Ее губы легко коснулись его щеки.

– Норт. Пожалуйста. Я не могу видеть, как ты страдаешь. Я знаю, что каждое мгновение ты чувствуешь отголоски той боли, что вырвала душу из твоего тела.

– Откуда? – горько спросил он, – Откуда ты все это знаешь? Я никогда не говорил тебе ничего такого.

Она ласково пригладила его длинные светлые волосы и грустно улыбнулась.

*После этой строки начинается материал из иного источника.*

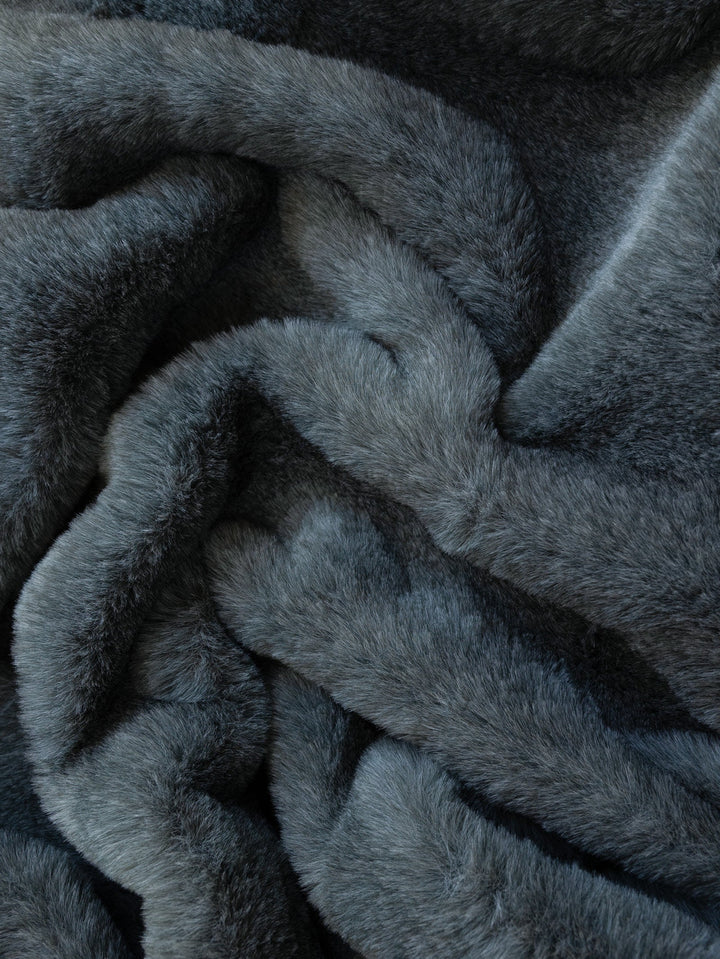 Frostveil Fur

– Книги, Норт. Я очень много читаю.

– Ты разобьешься, – прошептал он.

– Тогда мы с тобой будем привязаны к этому мосту оба, – скрывая свой страх за усмешкой, ответила девушка.

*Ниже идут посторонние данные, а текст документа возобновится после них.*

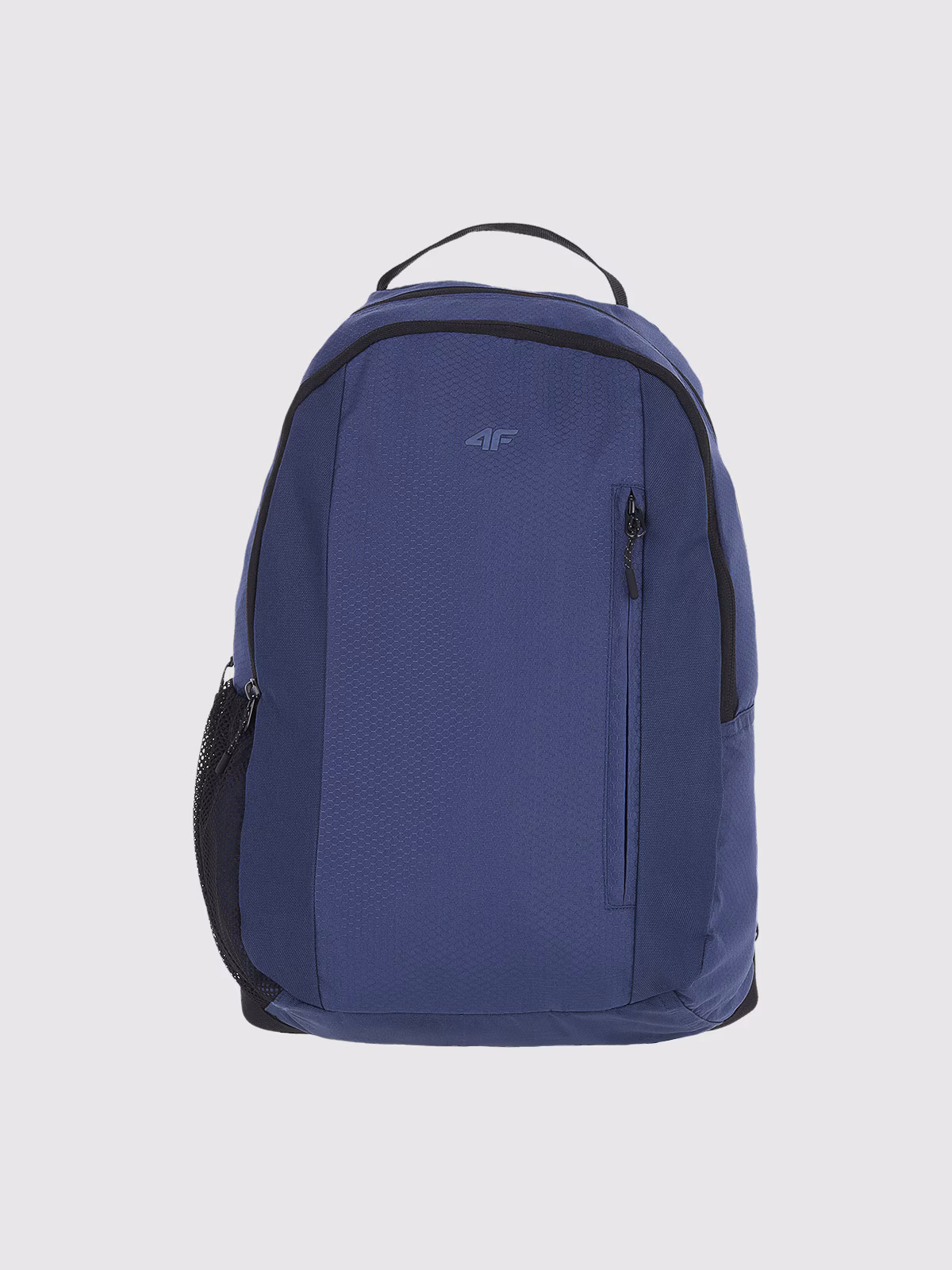 Plecak miejski (26 L) uniseks - granatowy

– Нет. Я тебя не пущу, – он держал ее так крепко, как только мог. Она продолжала тепло улыбаться, разглядывая его бирюзовые глаза, так похожие на воды реки, в которой он так и не нашел своего покоя, дотрагивалась до его лица кончиками озябших пальцев, словно стараясь запомнить по осязанию его изящные черты. Каждое ее прикосновение облегчало вечную иглу боли, прошивающую его душу колючей шерстяной нитью. В тот миг, когда она коснулась губами его губ, он почувствовал себя живым. В следующее мгновение он увидел ее спускающейся по опорам моста.

***

Главное – не смотреть вниз, думала Эвелин, спускаясь по тонким решеткам, и благодарила архитектора за кружевные узоры, по которым было так удобно слезать. Несколько минут спустя до ее босых ног долетели первые холодные брызги, заставив девушку обернуться: до воды оставалось около двух метров, а украшения заканчивались отполированным временем и рекой столбом. Она глубоко вдохнула и решительно сделала единственный шаг вперед.

Ледяная вода накрыла ее с головой, заставляя все внутри сжаться в тугой комочек, потянула было куда-то вниз, но передумала и упруго вытолкнула обратно. Эвелин жадно вдыхала холодный воздух. Она знала место его смерти с точностью до нескольких метров, но определить его на воде было гораздо сложнее, чем глядя на реку сверху. Эвелин осмотрелась и сориентировалась по трем торчащим из воды обломкам скал.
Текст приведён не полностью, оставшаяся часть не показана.